No doubt a few hours later today going through it slowly will yield the usual long list which the budget will not afford but I will order anyway. But I'll cogitate on it then. 

Impressive catalog, overall.


----------



## U-boat (Oct 27, 2015)

How many banks can I rob before getting caught? B&O fans should be in heaven, definitely, a 0-4-0 LC+ B&O and maybe the 0-8-0 (BTO) B&O as well. I even like the Batman phantom set.
The Lionel catalogs are deserving of several wows!


----------



## seayakbill (Jan 16, 2016)

Yep, a lot of neat and expensive stuff. I sure don't need anymore locos but will probably pop for the AT&SF vision reefers to tag along with last years PFE vision reefers.

Bill


----------



## Ricky Tanner (Sep 19, 2015)

There's a lot of offerings to ponder in the Signature catalog.Nothing a must have for me.The new Reading T1 is nice as well as all those 21" passenger cars. I was hoping for 21" in MOPAC to go with the Legacy PA's but eventually someone will. Well done. 

The RTR catalog is so huge with a dizzying array of bright,colorful fantasy items. It's hard for me to look through it with a straight face. It's so full of nods to today's pop culture and licensed items that I had to stop and make sure I had not wandered into Hallmark's or Danbury mint's website by accident.

I am concerned that Lionel is trying to be everything to everyone,there's a plethora of cheap,plastic,gimmicky items - most of which are items that "traditional Lionel customers" are not interested in.This is what sunk K-Line,time will tell what happens. Those "Imagineering and battery powered G gauge trains" only cheapen the Lionel brand. Some of the O27 sets are pretty goofy.


----------



## Norton (Nov 5, 2015)

Hardly any NYC so not much jumped out at me. I did pause at the PS4 Flats with 40' trailers. Hard to read prices on my iPad but were they actually listed at $209.95? 
That will get you three Weavers from Beth.

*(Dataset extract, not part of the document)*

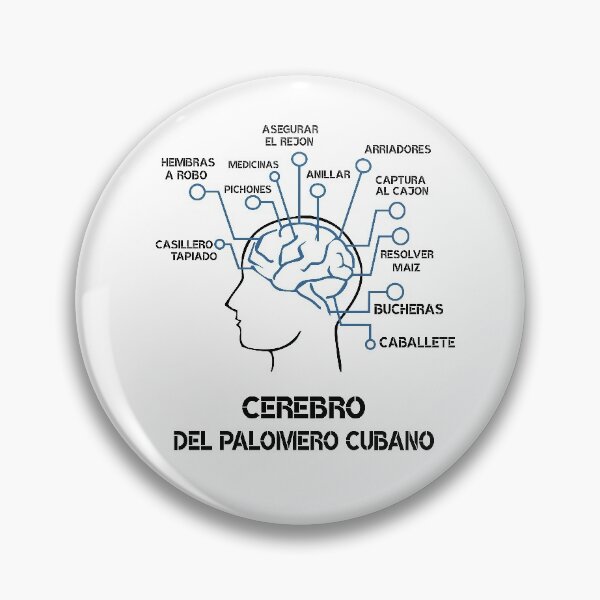 Item preview, Cerebro del Palomero Cubano designed and sold by PalomaCubana.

edit: Now that I can read the price its "only" $109.95. Still not cheap. The Weaver TOFCs were one of the items Lionel acquired from Weaver. It appears they are only using their trailers and not their flats. Lionel PS-4s are the best of the 3 rail cars so maybe the price is a bit more reasonable.

Pete


----------



## josef (Jun 20, 2015)

I showed the wife what I would like. She said how much and how long I would enjoy eating Pork & Beans and cornbread?


----------



## chipset35 (Sep 4, 2015)

LionChief Plus NYC Mikado and Lionel Lines Pacific!
Oh and a LionChief Plus Multi-Remote.


----------



## PatKn (Jul 14, 2015)

I'm going to pass on this catalog. There is nothing I need in the big stuff (I already have 3 scale GG1s) and the rolling stock is just too expensive for my taste. I'll wait until April when the MTH catalog comes out.


----------



## laz57 (Sep 19, 2015)

Bet BRIAN aka PTC is chomping at the bit on all those passenger cars? Love the UP set. Especially with the flag car!

I like the Reading T1 but I don't know about the high price?
Maybe a sensor car or two.

Real nice catalog though.


----------



## 86TA355SR (Feb 27, 2015)

Brian must be sleeping late today-haha!

The Excursion Train is awesome and a must have for me. Lionel outdid themselves on it!

Excellent catalogs. Lionel is leading the industry as of now.


----------



## MOVL (Aug 23, 2015)

Some thoughts...

The UP Excursion train must be the highlight of the catalog. Looks great. I'm not in, but it is a winner.

I didn't really see anything I would order, but am mildly interested in a scale PS-1 sound car.

Lionel finally catalogued some Polar Express elves.

The scale Polar Express double-sheathed boxcar is interesting, but rather plain for its price.

The RTR catalog has a neat little Polar Express station for Christmas layouts.

Found it most interesting to see the Phantom locomotive return as LionChief with can motor. Pretty cool looking. It is however a Batman theme, but could be modified/kit bashed a little.

Though not a Vision Line offering, the Legacy Allegheny does have whistle steam, which is cool.

A bit suprised to see another Daylight locomotive.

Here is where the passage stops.